DIRECTIONS: Working through the data below, reproduce word for word the line with "this 600×400 image." and every line after it, both ends included, and omit the pictures.

Top of STUDY MATERIAL

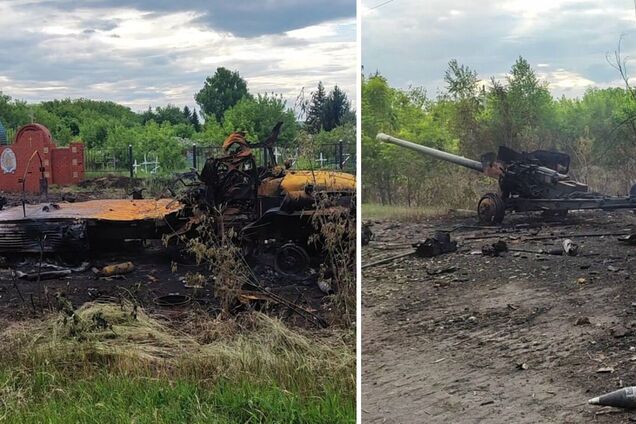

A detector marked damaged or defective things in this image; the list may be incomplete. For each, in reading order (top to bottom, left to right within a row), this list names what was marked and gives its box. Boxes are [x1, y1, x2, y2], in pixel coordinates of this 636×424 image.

charred debris [0, 124, 356, 326]
burned tank [376, 133, 636, 225]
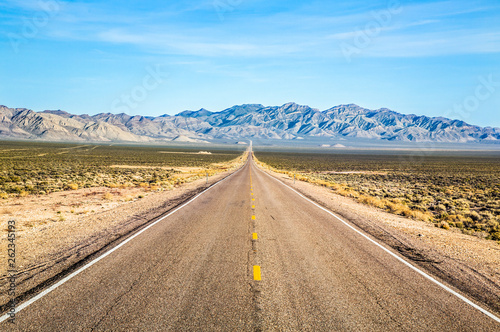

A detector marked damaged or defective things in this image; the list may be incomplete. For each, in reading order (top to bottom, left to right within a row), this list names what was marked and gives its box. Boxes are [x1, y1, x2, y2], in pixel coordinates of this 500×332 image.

cracked asphalt [1, 155, 498, 330]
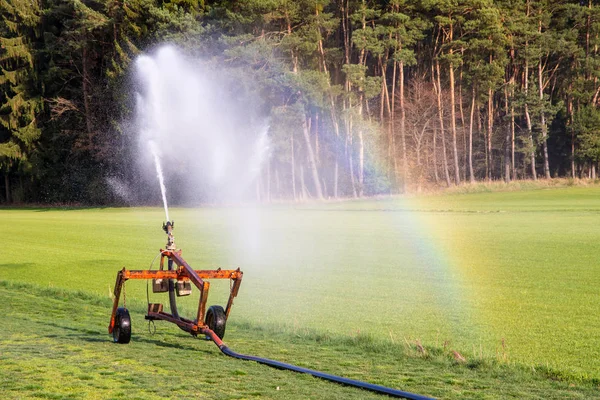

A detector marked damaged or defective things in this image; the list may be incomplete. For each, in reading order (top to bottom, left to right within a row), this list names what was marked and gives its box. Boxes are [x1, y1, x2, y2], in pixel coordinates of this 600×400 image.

rusty orange frame [108, 250, 241, 334]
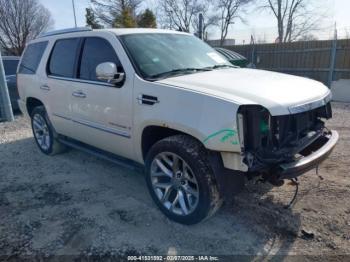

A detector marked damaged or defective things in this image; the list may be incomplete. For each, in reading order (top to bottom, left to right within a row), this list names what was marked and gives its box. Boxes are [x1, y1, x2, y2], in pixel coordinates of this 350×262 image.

crumpled hood [159, 68, 330, 115]
damaged front end [237, 101, 338, 185]
broken bumper [278, 130, 338, 179]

Bottom of STUDY MATERIAL

EXERCISE RESPONSE:
A detector marked damaged or defective things in this image; the list may be incomplete. For each, in reading order (top to bottom, left to right within a row), this list names what was marked and gives its box. Boxes are [x1, y1, x2, y2], in pixel coordinates of this 600×400 image.

rusty orange frame [108, 250, 241, 334]

A detector marked damaged or defective things in this image; the list may be incomplete. For each, in reading order (top to bottom, left to right within a row), this list names what was marked and gives its box. Boxes are [x1, y1, x2, y2], in pixel coordinates of this 350×262 image.

crumpled hood [159, 68, 330, 115]
damaged front end [237, 101, 338, 185]
broken bumper [278, 130, 338, 179]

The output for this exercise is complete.